- [Assignment]: The response should consist of every line below, restated exactly, with no pictures.
..............................
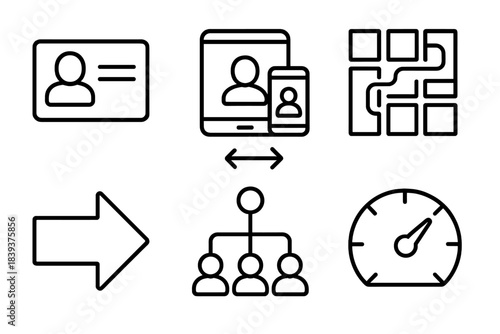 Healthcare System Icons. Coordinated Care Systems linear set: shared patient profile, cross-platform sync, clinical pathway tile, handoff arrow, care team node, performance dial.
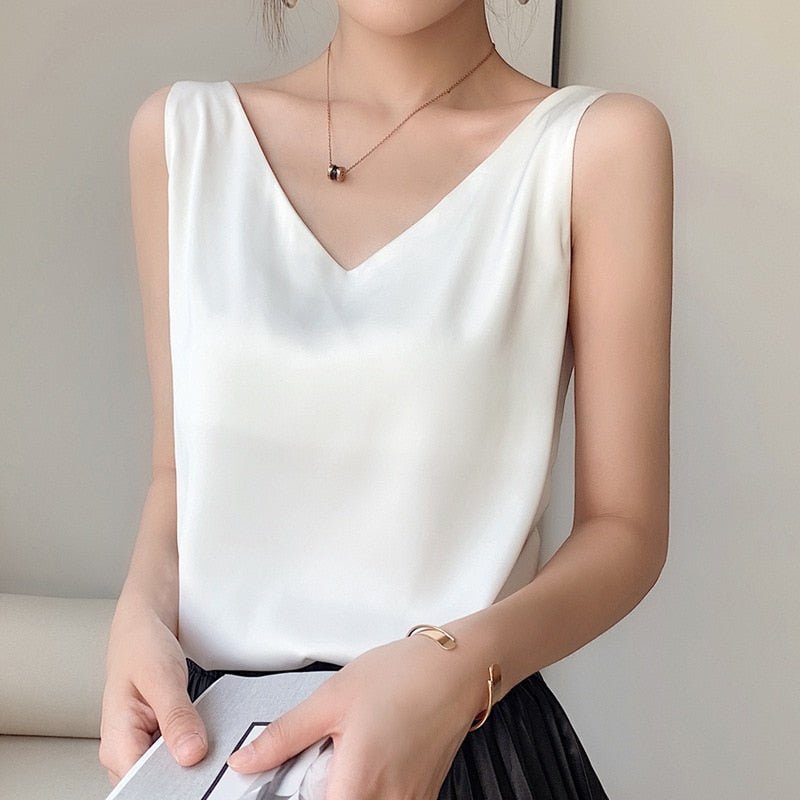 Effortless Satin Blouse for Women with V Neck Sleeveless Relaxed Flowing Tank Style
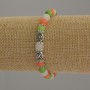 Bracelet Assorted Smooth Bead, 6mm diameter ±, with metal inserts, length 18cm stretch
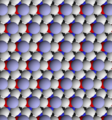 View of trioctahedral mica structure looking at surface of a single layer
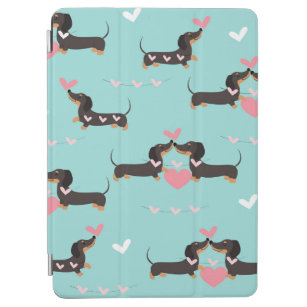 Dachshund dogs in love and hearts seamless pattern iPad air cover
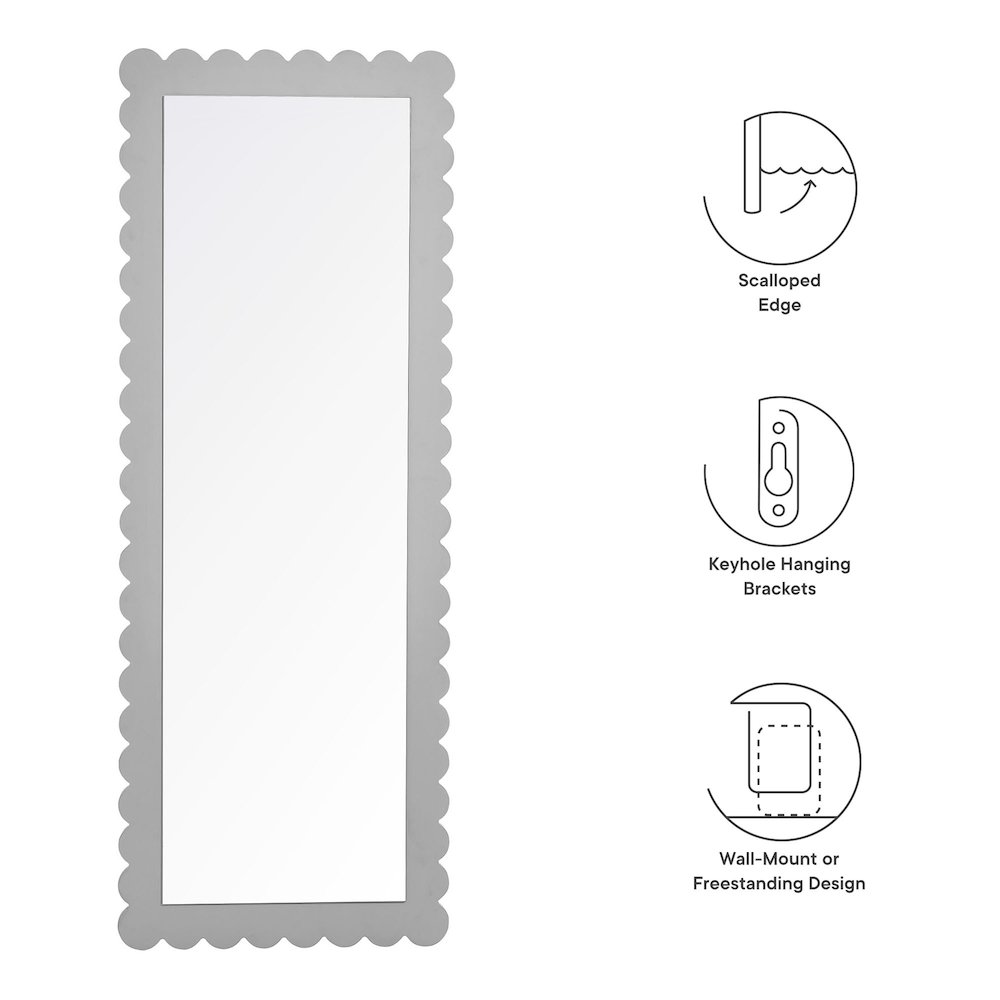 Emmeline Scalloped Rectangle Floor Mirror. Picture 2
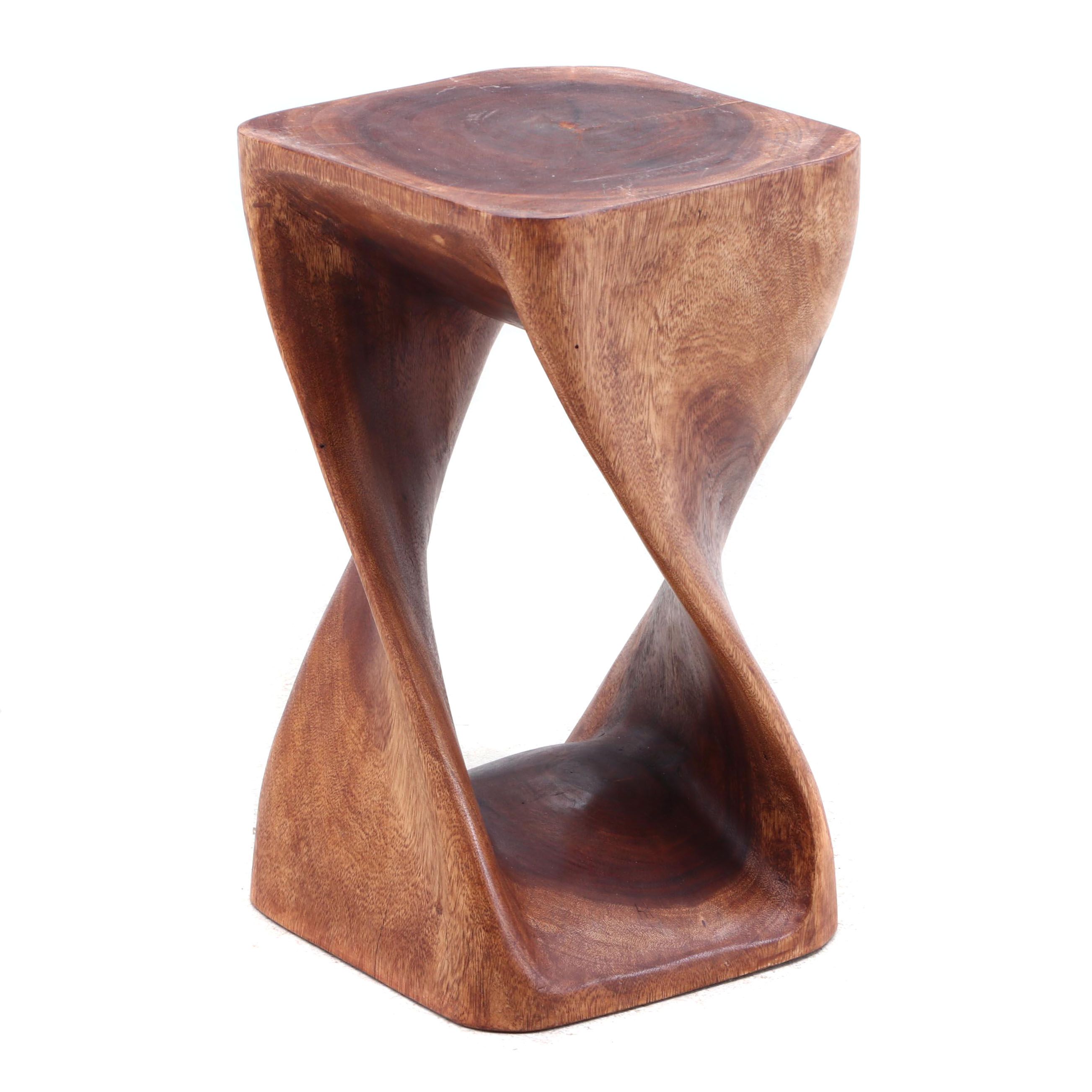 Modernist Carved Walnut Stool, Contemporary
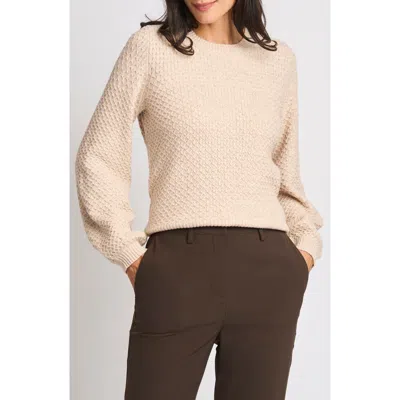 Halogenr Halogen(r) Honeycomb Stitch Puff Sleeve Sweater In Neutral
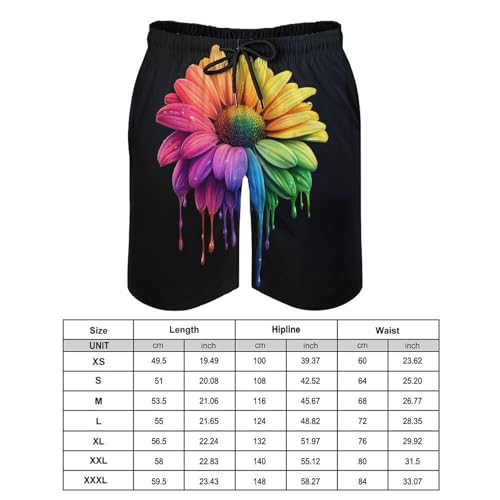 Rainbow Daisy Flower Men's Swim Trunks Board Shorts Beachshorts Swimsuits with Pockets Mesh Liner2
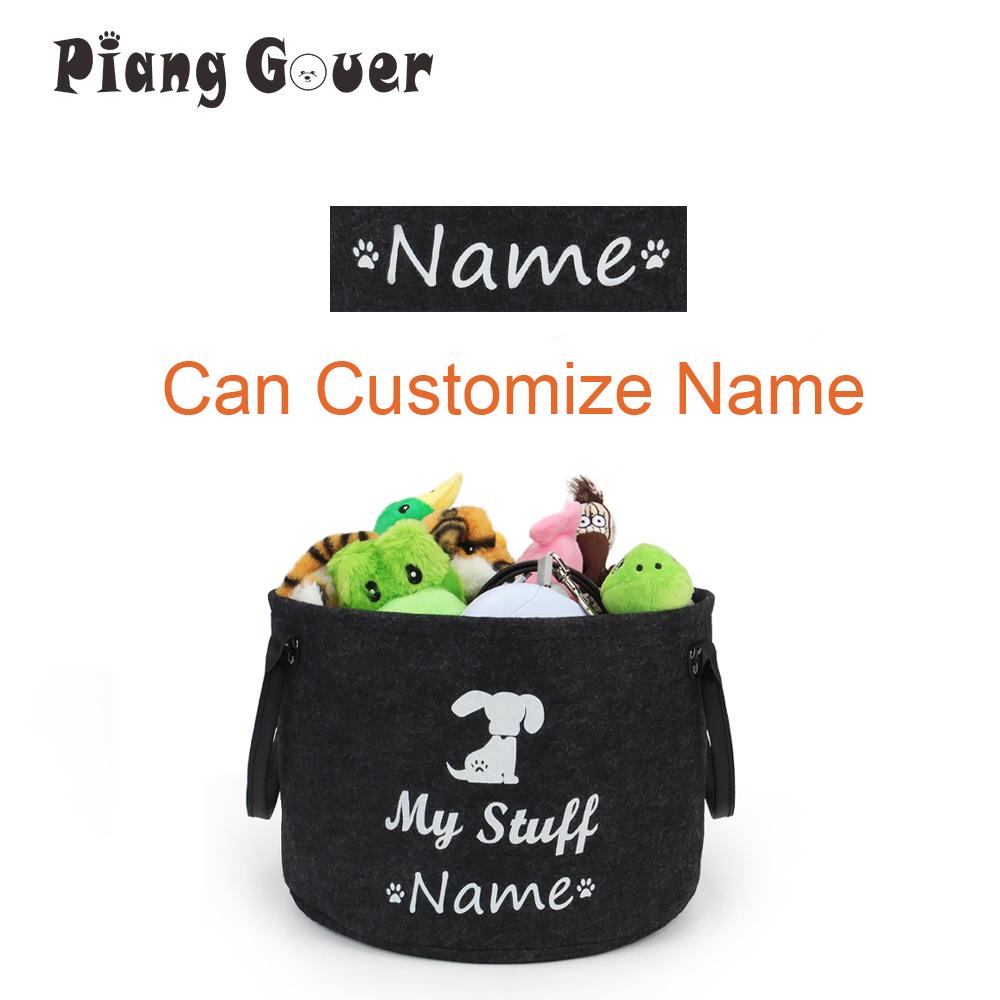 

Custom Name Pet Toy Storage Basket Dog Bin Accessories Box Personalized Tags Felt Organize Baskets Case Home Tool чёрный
..............................
- [Answer section]:
 Healthcare System Icons. Coordinated Care Systems linear set: shared patient profile, cross-platform sync, clinical pathway tile, handoff arrow, care team node, performance dial.
 Effortless Satin Blouse for Women with V Neck Sleeveless Relaxed Flowing Tank Style
 Bracelet Assorted Smooth Bead, 6mm diameter ±, with metal inserts, length 18cm stretch
 View of trioctahedral mica structure looking at surface of a single layer
 Dachshund dogs in love and hearts seamless pattern iPad air cover
 Emmeline Scalloped Rectangle Floor Mirror. Picture 2
 Modernist Carved Walnut Stool, Contemporary
 Halogenr Halogen(r) Honeycomb Stitch Puff Sleeve Sweater In Neutral
 Rainbow Daisy Flower Men's Swim Trunks Board Shorts Beachshorts Swimsuits with Pockets Mesh Liner2

Custom Name Pet Toy Storage Basket Dog Bin Accessories Box Personalized Tags Felt Organize Baskets Case Home Tool чёрный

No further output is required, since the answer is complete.